The Perfect Wife(23)



“You often went night-surfing. Even in poor conditions—you found high waves exhilarating, and you were easily skilled enough to cope with them. You said it cleared your head when you’d been working. There were plenty of people who could confirm that. It was only later that the coverage got so…I kept some of the reports, actually.”

He gets up and comes back with a USB stick that he plugs into his laptop. When he turns the screen toward you, you see he’s put together a kind of digital scrapbook, a slideshow of cuttings and screengrabs from news feeds and social media. He sits back and watches intently as you click through them, scouring your face for signs of your response.

The first articles tell just the bare facts of your disappearance.





Air Search Fails to Find Storm Victim


The search continues today for Bay Area artist Abbie Cullen-Scott, whose vehicle was found parked overnight near San Gregorio State Beach in strong winds. The mother of one, who with tech entrepreneur husband Tim Scott owns a $10M beach house nearby, is known to be a passionate surfer.

Residents expressed surprise anyone would risk going out in the heavy breaks seen Friday. The area is known for unusual offshore rock formations that, under certain conditions, funnel freak waves as high as fifty feet.



You reach back into the past, searching for memories that would confirm any of this, but nothing comes. You have no recollection of that time at all. And that, somehow, insulates you from the horror of it. It’s as if you’re reading about someone else. Not your own final moments.

You continue clicking through. It was the Chronicle that first made the connection with Danny, and by implication raised a different possibility:





Search Halted for Tragic Abbie


The search was called off today for missing artist Abbie Cullen-Scott. The 30-year-old mother was “struggling” with her autistic son Danny, according to friends. Danny is currently being cared for at the couple’s home in the Mission by tech founder Tim Scott, 40, who has requested privacy through his legal representative.



The next day Tim issued a statement. Clearly, at least part of his reason was to combat the Chronicle’s insinuations.

    Abbie is a wonderful person, a beautiful wife and exemplary mother, an incredibly optimistic, forward-looking individual who cares deeply about art and the positive effect it can have on people’s lives.
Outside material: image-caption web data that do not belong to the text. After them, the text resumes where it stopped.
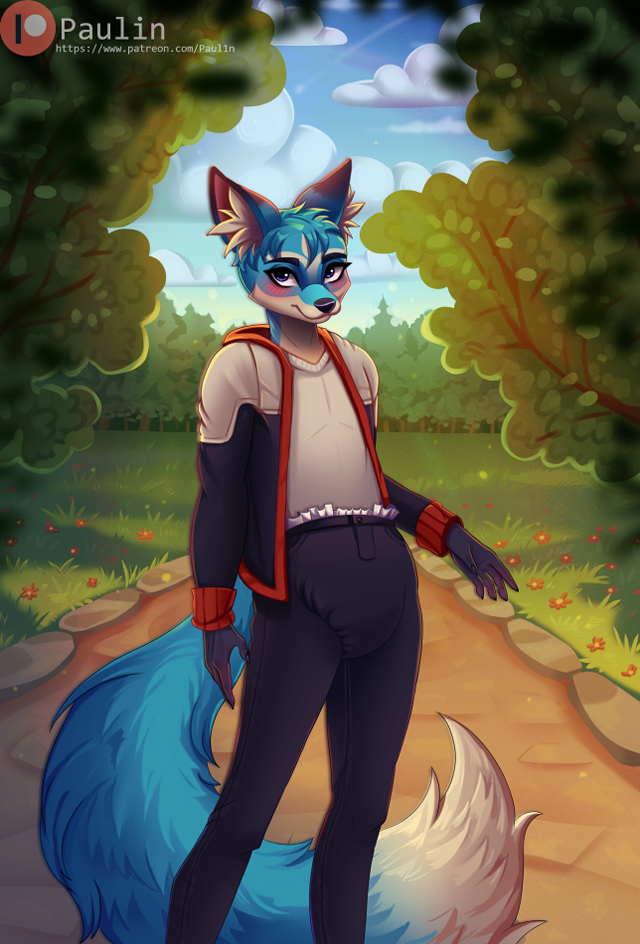 Click to change the View Art for Zeo_Fawx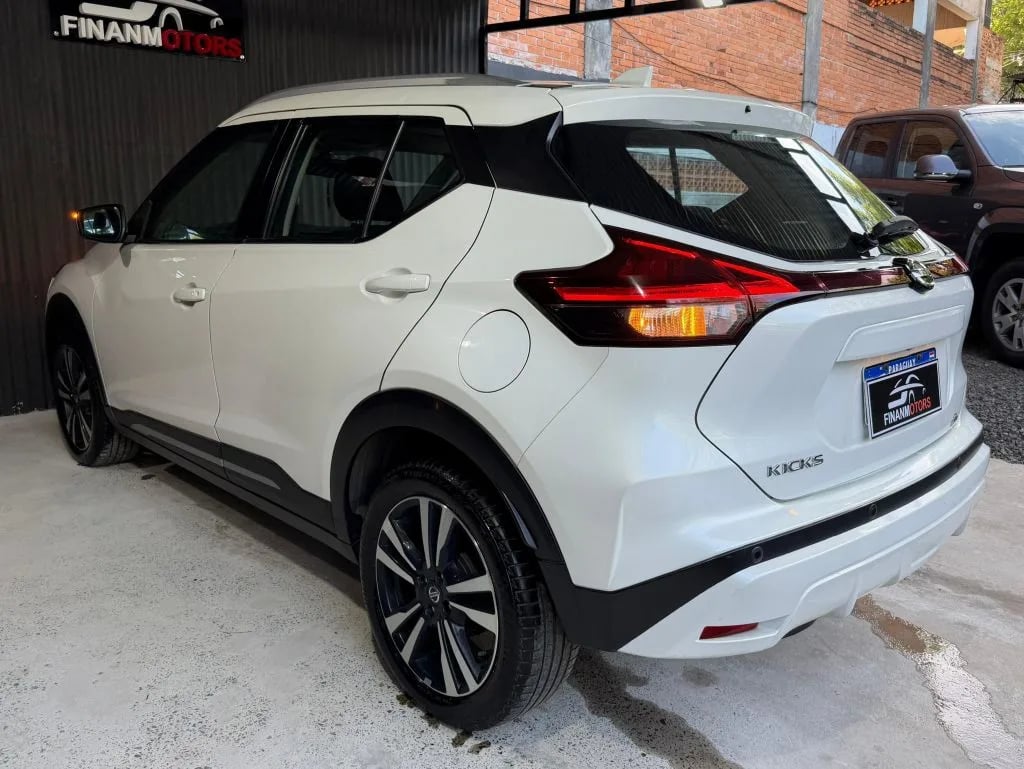 Nissan Kicks — foto 6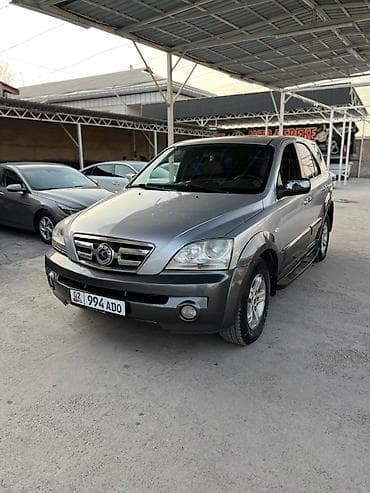 Kia: Kia Sorento: 2004 г., 2.5 л, Автомат, Дизель, Внедорожник — 7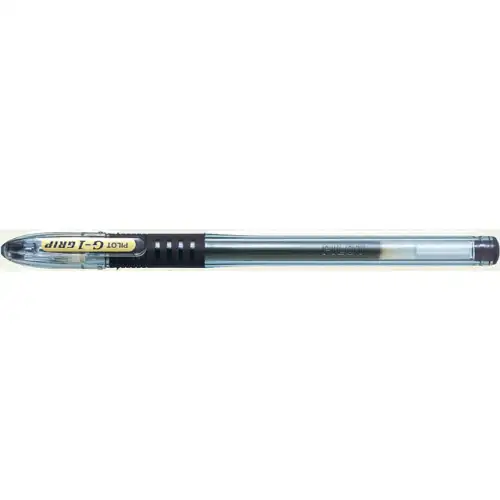 Ручка гелева PILOT G-1 0,7 мм з грипом, фото 2, 66.88 грн.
Now that the search for her has been scaled down, I have to confront the devastating possibility I will never see her again. If so, I have lost not only my wife, but my soulmate. I ask that the media respect my privacy, and that of our son, at this difficult time.



The statement caused a ripple of interest on Circle of Moms and other parenting sites.

     A woman in Australia drowned herself and her daughter. There’s a ton of stuff about it online if you do a search!



     There’s no support. My cousin and her husband have a child with autism and they can’t even go out.



     My friend’s boy screams if they make a left in the car.



     Not so tough if you’re a millionaire tho IMHO!!!



     I’m sorry but there’s no excuse for depriving a child of his mom, however bad your life is.





Ten days later, however, the Chronicle reported that detectives were now investigating the possibility that Abbie may have been the victim of a criminal act.

The next slide is a long-lens photograph of a police search team coming out of the house, carrying plastic crates. The caption reads: Detectives take away computers and other equipment belonging to tech founder Tim Scott. Investigators have brought in cadaver dogs trained to sniff for human remains.

You look over at Tim. His face is still impassive, but you can only imagine what being the object of those suspicions must have been like for someone as private as him.

And still the insinuations kept coming. The next article highlighted the similarities between your own disappearance and another death, four years earlier:





Police Probe Abbie “Copycat” Indications


Detectives are looking into “striking similarities” between the disappearance of missing artist Abigail Cullen-Scott from San Gregorio Beach last month and another case four years ago. Twenty-seven-year-old Kerry-Ann Brookheimer’s vehicle was also found abandoned near the beach after a storm, prompting a major search by air, land, and sea. Ms. Brookheimer’s body was never found, something a spokesman from the county sheriff’s office attributed at the time to the area’s unusual rip currents.

“Police are investigating whether Abbie, or anyone close to her, was aware of the circumstances of Kerry-Ann’s disappearance,” said Detective Ray Tanner, the officer leading the hunt for Ms. Cullen-Scott, yesterday.



The hint was clear—someone might have tried to make the more recent death look like an accident, knowing that a body washed into the sea in that area might never reappear.

In the absence of any facts, the mood on social media turned against Tim.

         I’m not saying he killed her. But maybe he drove her to it. You can’t ever tell what goes on behind closed doors!!